Al called in when he arrived home from work, to say that at 5 am the temperature had been -10º C.  This is quite low for around here, although I understand that it was several degrees colder, just a few miles away.  When we went to visit Kenny, it was 4º, but half an hour later the temperature had dropped and it was not much above freezing.  All terribly good for our stiff upper lips, I suppose.

This weather is not good for arthritic hips.  Still, a year ago, I reckoned three to five years before an operation.  I think I’m on track.  I am so grateful to have a merely anatomical ailment that can be completely corrected by an hour-long operation.  I’ve always been incredibly lucky, absolutely blessed.

Which reminds me, last week when I went to the blood donor clinic, it turned out that it was my tenth donation.  I was slightly disconcerted to be given an envelope that contained a certificate and a badge (surely no one would actually wear the badge?).  In the post today arrived a new card (like a credit card) with more thanks.  Now, I’m not underestimating the value of donated blood – my sister and many friends have been grateful for it, it’s been live-saving.  But I haven’t really done anything.  I’ve only been donating for a short time (prompted by ‘Twirling in the Light’ Greg) and I don’t feel that I need or deserve such fulsome thanks every time.  “cheers love, that’s great” would be more than enough.

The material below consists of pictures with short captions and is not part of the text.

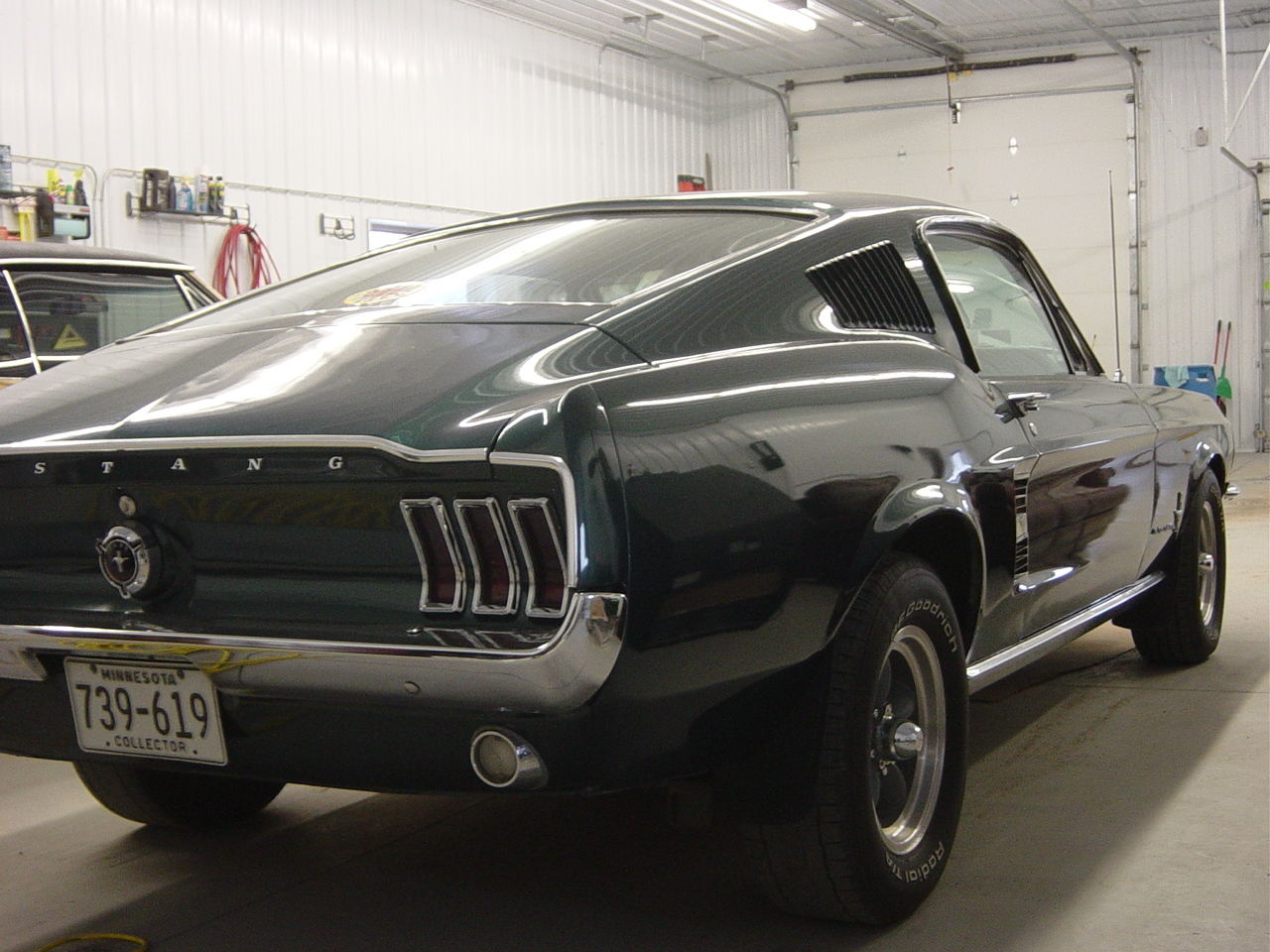 1967 fastback mustang
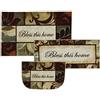 MOHAWK Home New Wave Rules To Live By Kaleidoscope - Set di tappeti stampati, multicolore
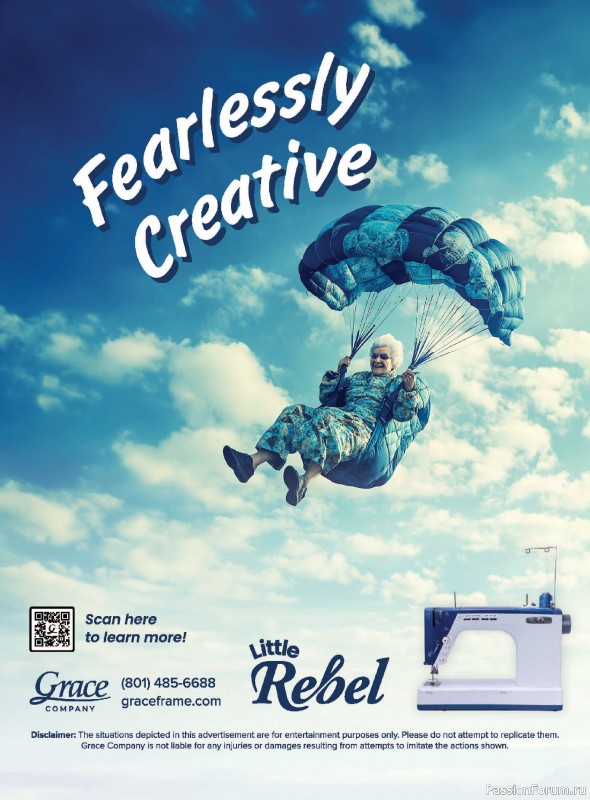 Коллекция проектов для рукодельниц в журнале &laquo;Quick+Easy Quilts - Spring 2026&raquo;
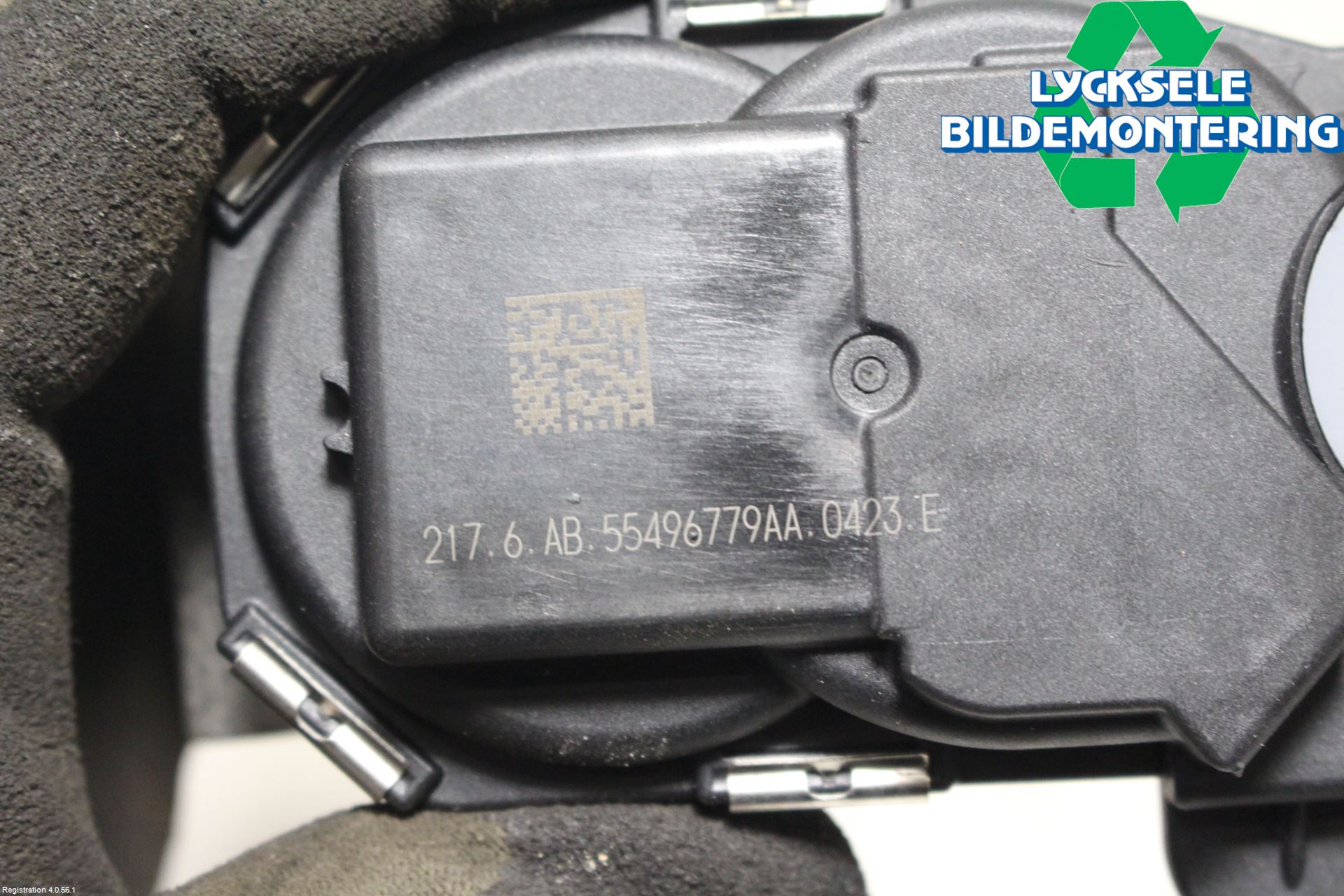 Opel INSIGNIA 09-16 Injspjällhus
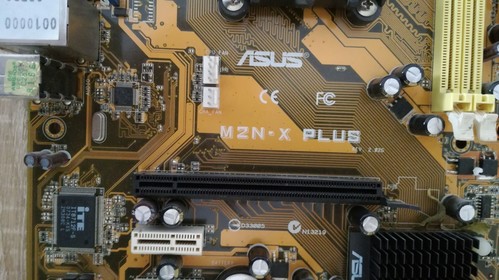 Asus m2n x plus подключение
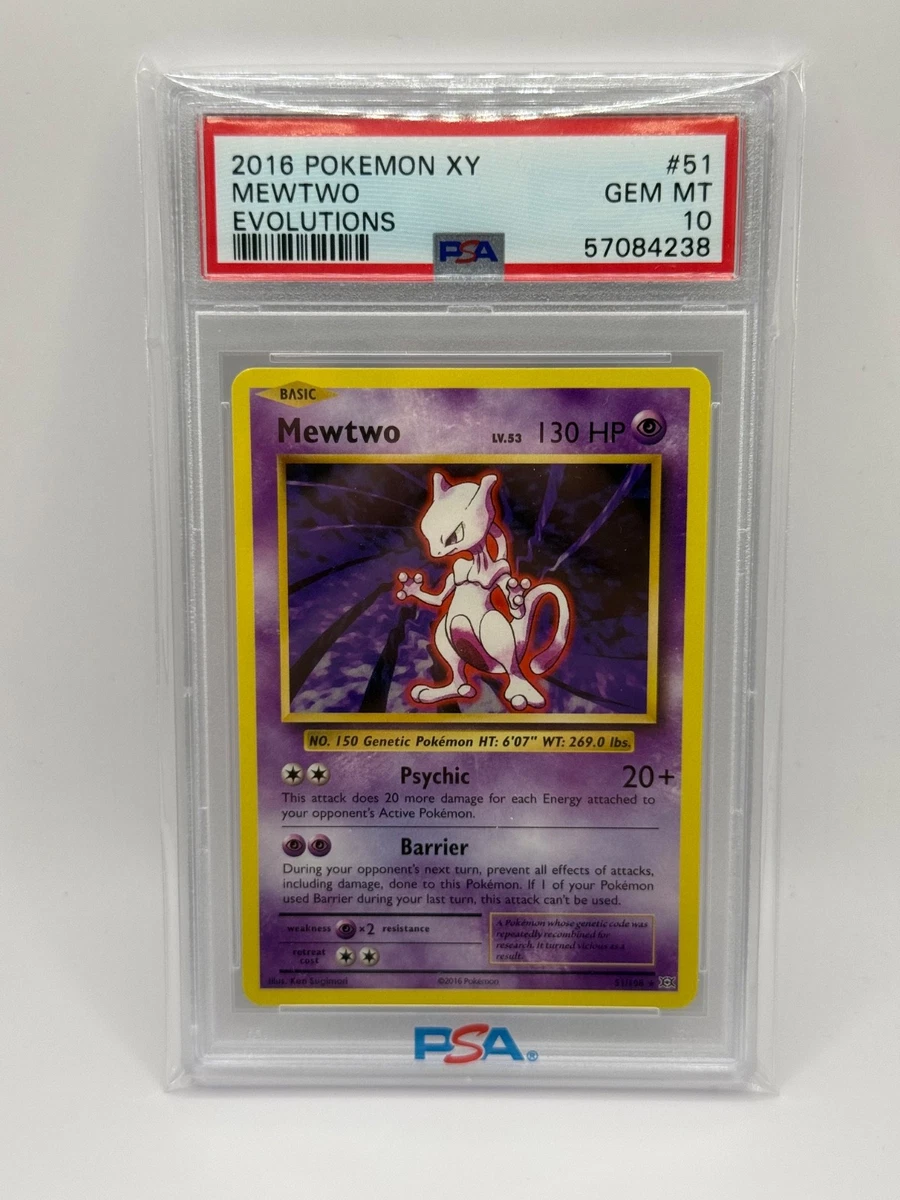Pokémon TCG Professional Sports Authenticator (PSA) Grade 10 XY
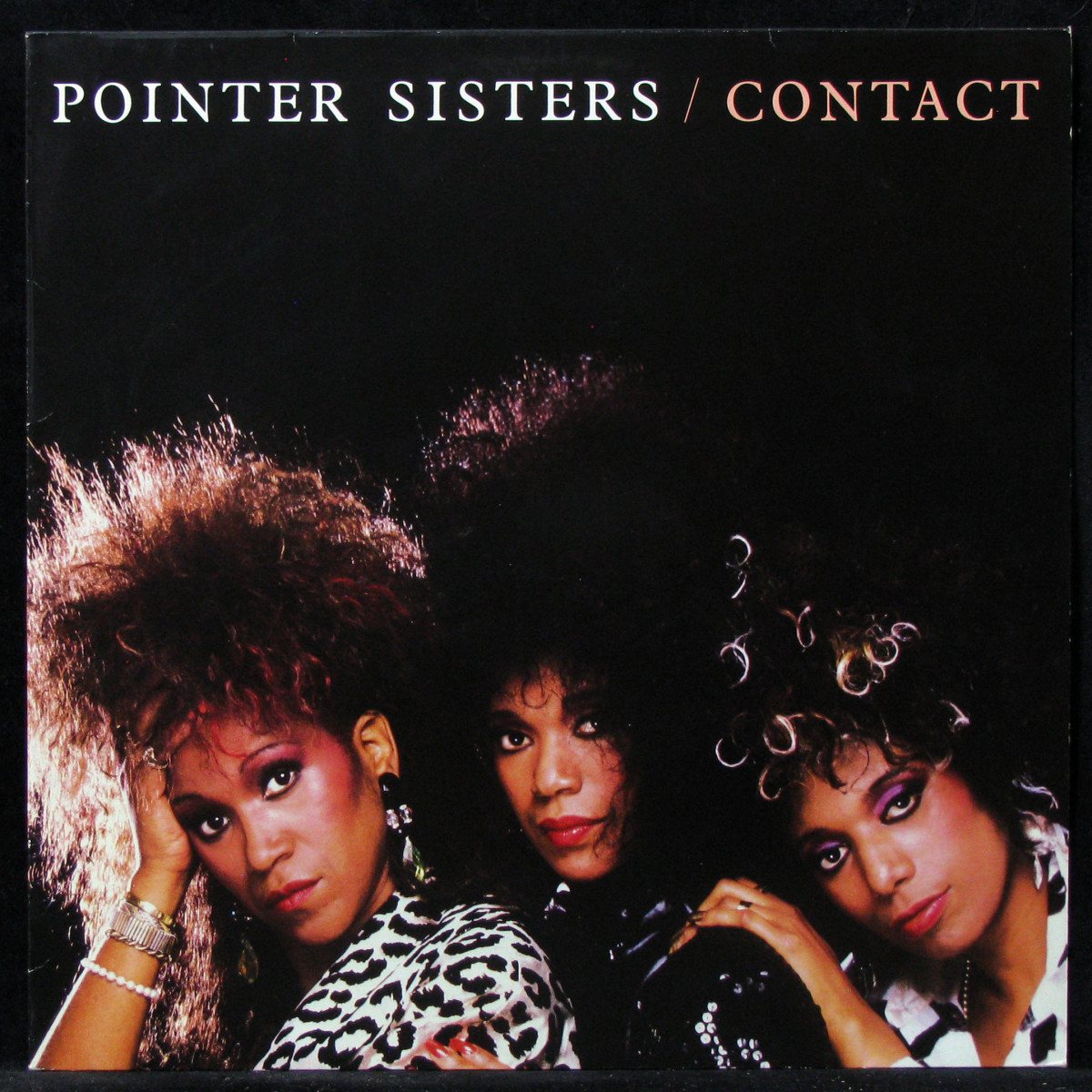 LP Pointer Sisters — Contact фото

9 comments on “Our tiny upper lips are frozen

  1. Mike and Ann

    Ann’s just given her twenty fifth pint, and agrees with you. No need for all the flap-doodle. A quick “Thank you, that’s grand” would be enough.
    I used to give blood, but some years ago it was decided that mine wasn’t up to scratch these days, so I decided that I’d keep it where it is and use it meself.

  2. 63mago

    Do you receive something to eat after the donation? My friend once went and afterwards she was given a Brötchen with Blutwurst (is it black pudding?), what she found to be very fitting while a bit macabre.

  3. Z

    There’s quite an array of biscuits and crisps, but black pudding would be a great idea! Sadly, I can’t see it taking off over here.

    I quite like the thought that I’ve given a whole bodyful, Mike!

  4. Liz

    Why does your life always sound so much more interesting than mine?

    I am delighted to learn that there are still hospitals that are able to give the level of personal care and attention that your friend is receiving. I hope that he remains cheerful and as comfortable as possible.

  5. Z

    Interesting? Blimey love, you must lead a very quiet life then!

    It’s a small cottage hospital that the NHS tried to close a few years ago, but the GP surgery and local support banded together. It’s very much loved and appreciated in this area.

  6. Roses

    It’s been so cold recently, I’m really looking forward to the spring. I think I had enough of the winter before it even arrived and now it’s getting into the swing of it…I detest it.

    I’m glad Kenny is comfortable and in good spirits. I hope his wife is not too badly hurt and shaken from her fall.

  7. Macy

    Meanwhile here in the tropical and snowless north, nobody wants my blood – too full of chemicals and stuff. No tea… no biscuits… no badge

  8. Z

    I’ve been colder today, when it’s been above freezing but damp, than I was in the frost.

    She’s all right thank you, she can’t really remember falling but thinks she was trying to get out of bed in the night and lost her balance.